Break four eggs into a basin, and beat them up with three table-spoonfuls of milk, an ounce of castor sugar, a few drops of essence of vanilla or other flavouring; put one and a half ounces of fresh butter in an omelet-pan, and when it is hot pour in the omelet mixture, and fry a nice golden colour, keeping the mixture well mixed; then spread on one half of it two tablespoonfuls of apricot jam, turn the other half over the jam with a palette-knife, and turn the omelet on to a hot dish, dust it over with icing sugar, glaze it with a hot salamander, and serve with hot Apricot sauce round, and use for a dinner or luncheon sweet.
Take four large whole raw eggs. break- them in a basin and sweeten with one ounce of castor sugar, add the finely-chopped peel of one lemon, a few drops of vanilla essence, two tablespoonfuls of new milk, and one ounce of butter, broken small; mix up all together with a fork till quite smooth, then put into a steel omelet-pan, and cook as usual, and then mask one half of the inside with any nice jam, and roll up the omelet into a half-moon shape; turn out on a hot dish, then dust over with Marshall's Icing Sugar, and with a red-hot flat skewer mark the omelet in cross-formed bars; pour a little brandy round, if wished, and light it as it goes to table. Use for luncheon or for a dinner sweet.
Take five whole raw eggs and break them in a basin, add two ounces of castor sugar, a teaspoonful of vanilla essence, the very finely-chopped peel of one lemon, a tiny pinch of ground cinnamon, a tablespoonful of Maraschino liqueur or syrup, same of rum, mix up together with a fork till the mixture runs smooth, then put into a steel omelet-pan with one and a half ounces of butter, making the butter hot first, and fry in the usual way; when ready to turn, fill up the inside with a compote of strawberries as below, and then finish off the omelet in the usual manner, turning it out on a hot dish; then dust over with Marshall's Icing Sugar, using a dredger for the purpose, and then mark a cross with a red-hot skewer in three or four places; when going to table pour about a half-gill of rum or brandy on the dish and light it just as it is to be passed on the table, and serve for dinner or luncheon for a hot sweet.
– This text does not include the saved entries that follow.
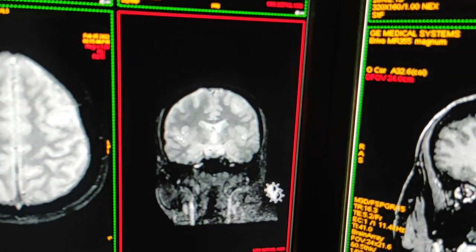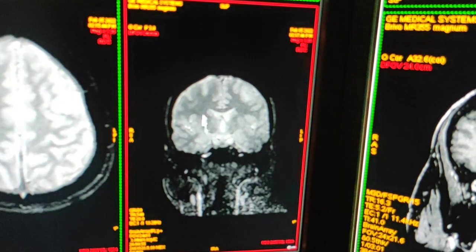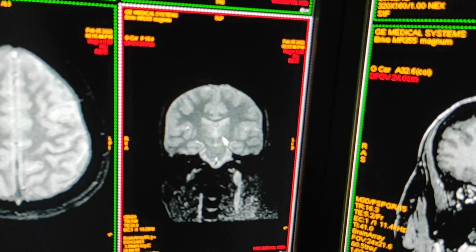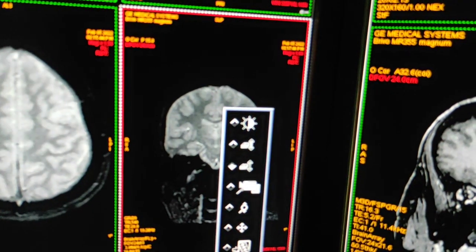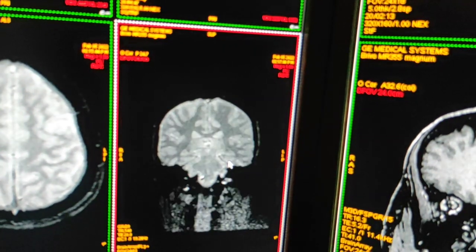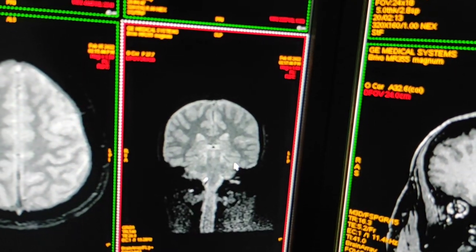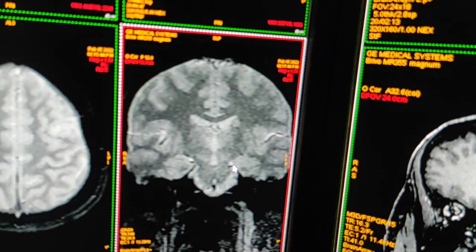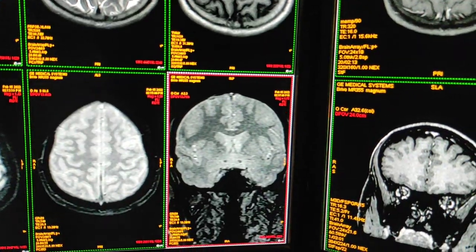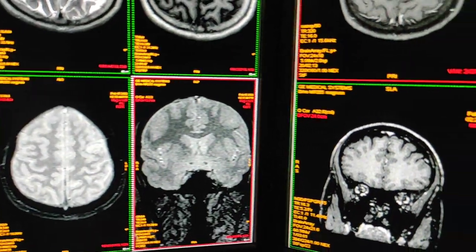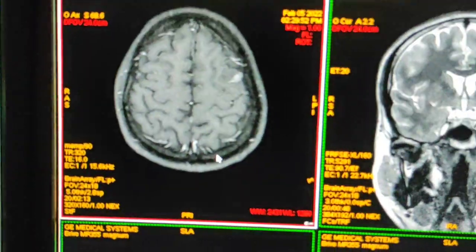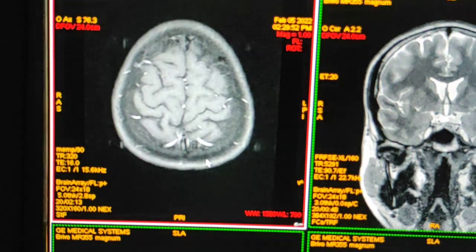Then I have taken thin GRE sections to rule out calcification. After that, we have given contrast. This is the axial post-contrast sequence.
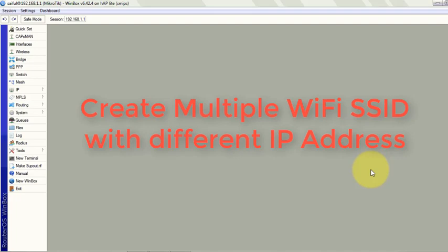Today's topic is about creating multiple WiFi SSIDs with different IP addresses. I got a lot of requests to make a video on creating multiple WiFi SSIDs with different IPs.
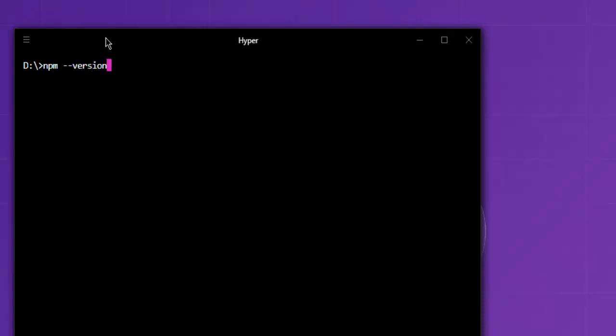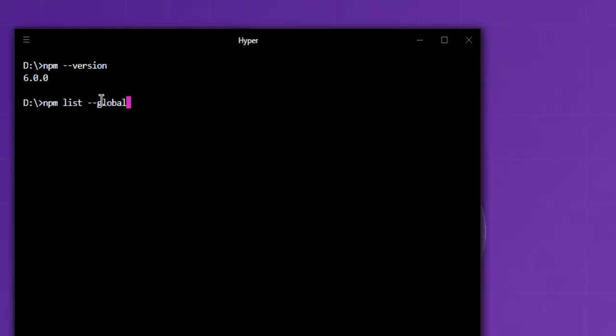Let's start with the version command: npm --version. This will give you the version number. Next, use npm list --global to list the global packages stored. If you just want to list local packages, you can use npm list.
Take a half-pint of good fresh strawberries, pick off the stalks, and cut the fruit, if large in halves or into three or four pieces; mix with a tablespoonful of some liqueur and a tablespoonful of apricot jam that has been boiled, with a tablespoonful of strawberry pulp and one ounce of icing sugar, then colour with a few drops of carmine, flavour with a few drops of vanilla essence, stir up altogether, and then use. Raspberries and currants are nice used in the same way.
Put seven raw yolks of eggs into a basin, with eight ounces of castor sugar, a pinch of salt, two ounces of powdered ratafias or macaroons (that have been rubbed through a sieve), the finely-chopped peel of two lemons, two tablespoonfuls of orange-flower water, a saltspoonful of vanilla essence, and two ounces of shredded blanched pistachio nuts; work these with a wooden spoon for fifteen minutes, then add ten raw whites of eggs that have been whipped very stiff, with a tiny pinch of salt; the whites must be mixed in very carefully with the least possible working, or they will curdle. Butter a deep dish, place a buttered paper inside it, and then pour in the mixture; dust over with icing sugar, and bake in a hot oven for twenty-five to thirty minutes; then dust over again with icing sugar, and sprinkle over it some blanched and shredded pistachio nuts. Surround the dish with a folded napkin, and serve on a hot dish, on a paper, for dinner or luncheon. The quantities given above are sufficient for ten to twelve people. If a silver dish is used, it must be placed in a deep tin containing boiling water in the oven.